First, I massage kale with olive oil, lemon juice, a few seasonings, and freshly minced garlic. Then I gently massage in A LOT of nutritional yeast (this adds a ton of flavor and vitamins), avocado, red onion, and sundried tomatoes. The avocado adds a buttery creaminess to the salad without making it feel too heavy! Lastly, I stir in quinoa and vegan feta cheese crumbles.

This vegan kale and quinoa salad is savory, earthy, slightly tangy, and packed with flavor. I love topping it with protein, such as sliced vegan chicken or tofu, roasted sweet potato, or serving it inside a wrap or sandwich with more veggies! This salad is very versatile, making it one of my favorite recipes to make!
Check Out These Other Tasty Salad Recipes!
- Vegan Quinoa Salad with Texas Caviar
- Vegan Chickpea Chicken Salad
- Vegan BLT Potato Salad
- High-Protein Vegan Tofu Salad
- Cold Vegan Soba Noodle Salad
- Realistic Vegan Tuna Salad
- Meal Prep Vegan Poke Salad Jars
- Cashew Curry Vegan Chicken Salad
If you make my vegan kale quinoa salad or any of my recipes, don’t forget to post a picture to Instagram, tag me @chefsummerstorm, and #gardengrub so I can see your recreation!

The Best Vegan Kale and Quinoa Salad
Ingredients
Quinoa
- 1/2 cup uncooked quinoa, rinsed well
- 1 cup water
- 1/4 tsp kosher salt
Kale Salad
- Half of a 16 ounce bag of kale (Roughly 5 packed cups torn kale, stems removed)
- 3 tbsp extra virgin olive oil
- 2 tbsp lemon juice
- 3/4 tsp kosher salt
- 1/2 tsp black pepper
- 1/2 tsp ground cayenne pepper
- 1 tbsp garlic cloves, peeled and minced
- 1/4 cup + 2 tbsp nutritional yeast
- 1 ripe avocado
- 1/2 cup red onion, finely diced
- 10 sundried tomatoes, roughly chopped
- 1/2 cup vegan feta cheese, crumbled
Instructions
Quinoa
- Cook your quinoa according to its package instructions. Typically, you will rinse the quinoa until the water runs clear. Then, bring water to a boil, add in the salt and quinoa, stir, reduce the heat to low, cover, and cook for 12-15 minutes.
- Once the quinoa has finished cooking, fluff it with a fork and lay it on a sheet pan lined with parchment paper. Place the pan in the fridge to cool down completely before adding it to the kale salad.
Kale Salad
- Add the kale, olive oil, lemon juice, salt, pepper, cayenne pepper, and minced garlic to a large mixing bowl. Massage the kale roughly 20-25 times, or until the kale is much "softer."

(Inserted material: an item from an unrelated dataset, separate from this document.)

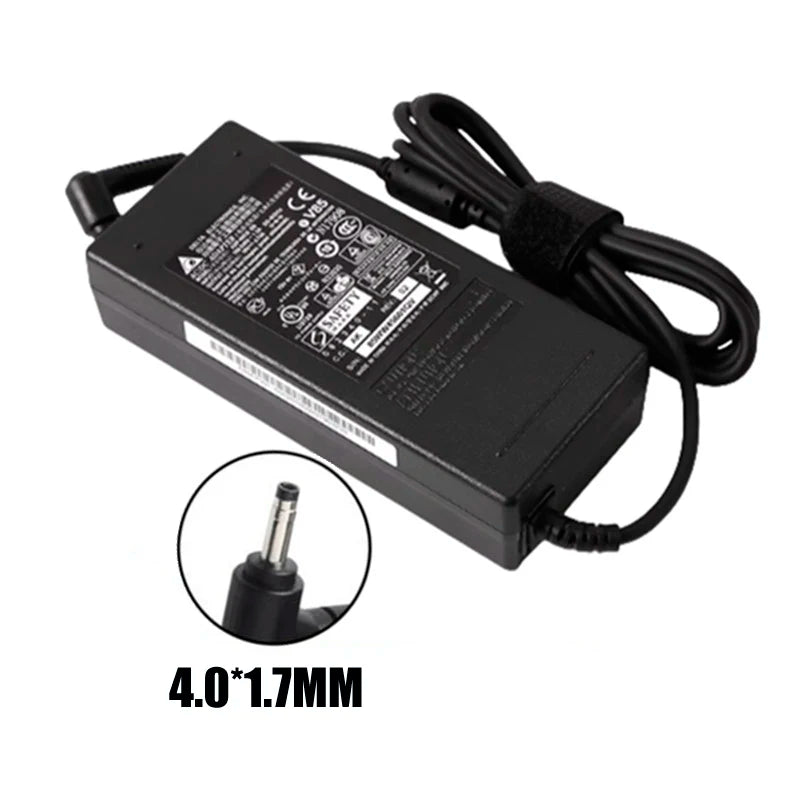 Genuine Delta ADP-90CD DB 19V 4.74A 90W Power Supply AC Adapter For Hasee 90W Laptop Charger 4.0x1.7mm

- Add the nutritional yeast, avocado, diced red onion, and sundried tomatoes to the kale and lightly massage everything until the nutritional yeast is no longer visible and the avocado is in smaller pieces.
- Lastly, add in the cooled-down quinoa and vegan feta cheese. Gently toss everything together.
- Serve with your favorite protein, such as vegan chicken or tofu, or serve inside a wrap or sandwich with your favorite toppings. Get creative because this salad is versatile!